[Stored data entries]
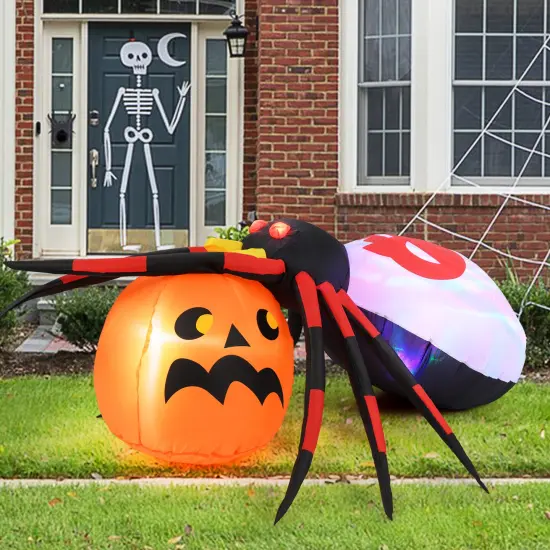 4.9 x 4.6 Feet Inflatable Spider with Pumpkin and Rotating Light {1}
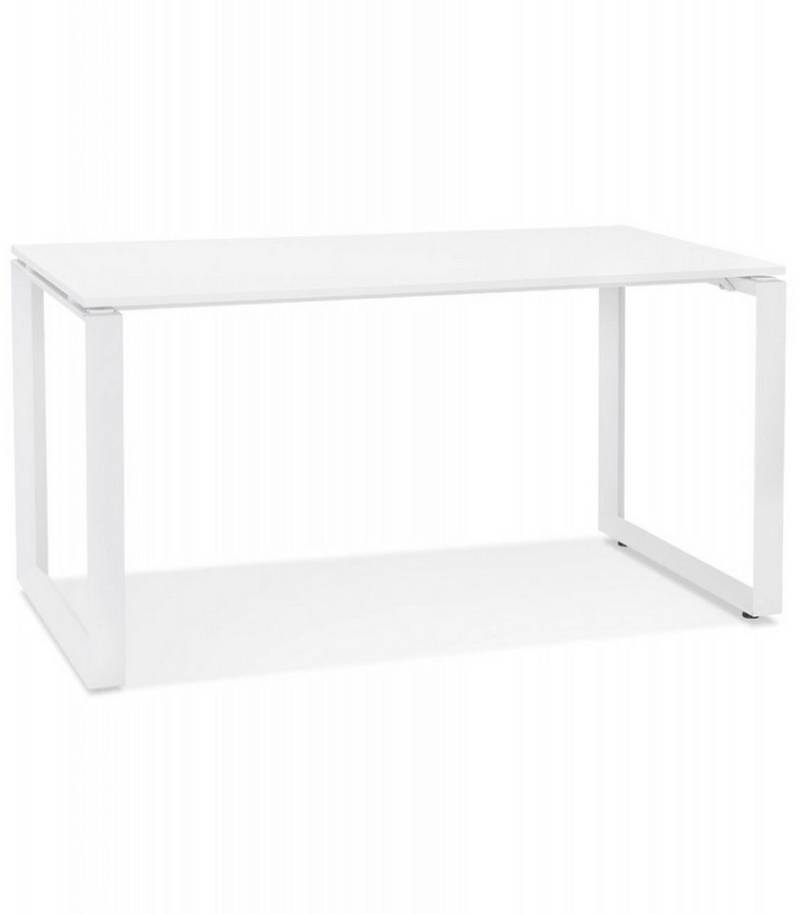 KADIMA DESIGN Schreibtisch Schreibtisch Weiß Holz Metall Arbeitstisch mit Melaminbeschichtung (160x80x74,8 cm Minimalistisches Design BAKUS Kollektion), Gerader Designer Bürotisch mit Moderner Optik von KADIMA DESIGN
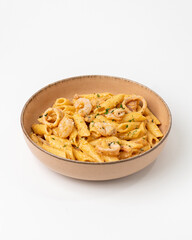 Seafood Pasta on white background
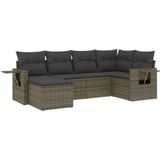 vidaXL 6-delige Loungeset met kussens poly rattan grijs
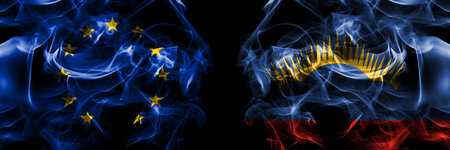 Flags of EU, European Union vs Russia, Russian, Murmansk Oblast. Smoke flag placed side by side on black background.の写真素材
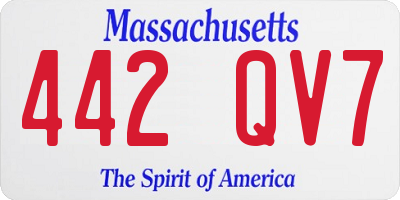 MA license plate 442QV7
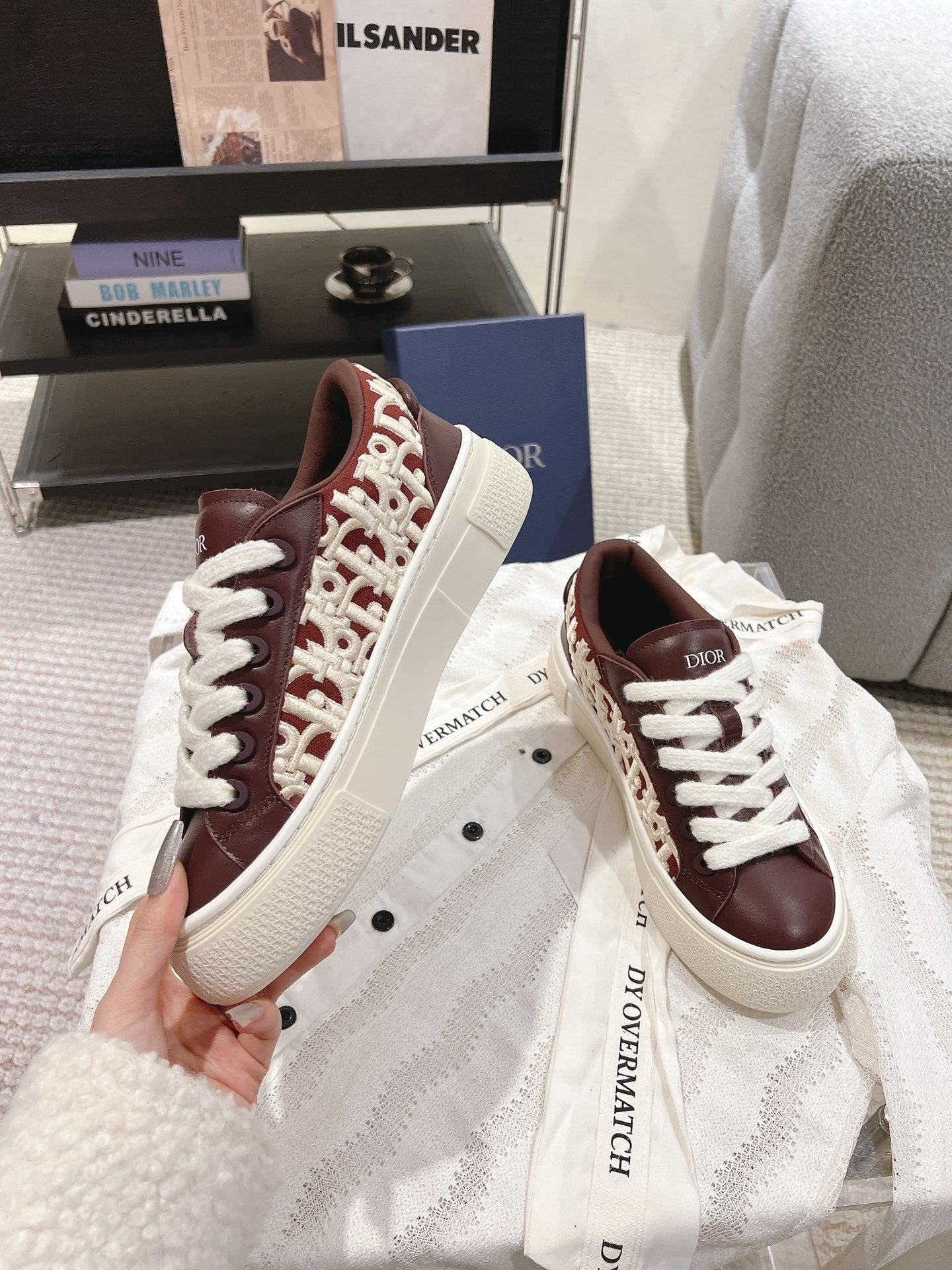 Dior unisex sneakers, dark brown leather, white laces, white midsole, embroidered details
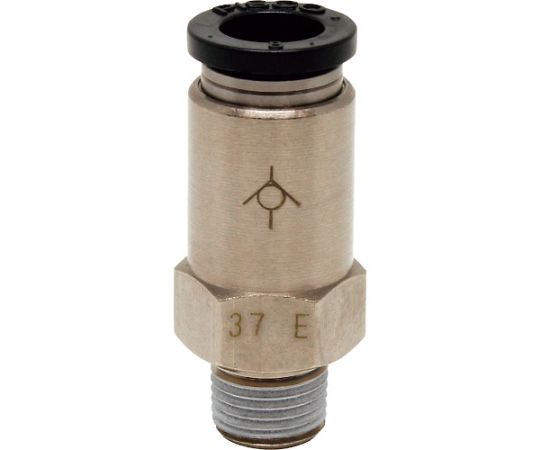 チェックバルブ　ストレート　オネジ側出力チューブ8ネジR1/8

*YOUR GOAL:* All of the lines above should be printed exactly, minus the pictures.

*YOUR RESPONSE:*
 4.9 x 4.6 Feet Inflatable Spider with Pumpkin and Rotating Light {1}
 KADIMA DESIGN Schreibtisch Schreibtisch Weiß Holz Metall Arbeitstisch mit Melaminbeschichtung (160x80x74,8 cm Minimalistisches Design BAKUS Kollektion), Gerader Designer Bürotisch mit Moderner Optik von KADIMA DESIGN
 Seafood Pasta on white background
 vidaXL 6-delige Loungeset met kussens poly rattan grijs
 Flags of EU, European Union vs Russia, Russian, Murmansk Oblast. Smoke flag placed side by side on black background.の写真素材
 MA license plate 442QV7
 Dior unisex sneakers, dark brown leather, white laces, white midsole, embroidered details
 チェックバルブ　ストレート　オネジ側出力チューブ8ネジR1/8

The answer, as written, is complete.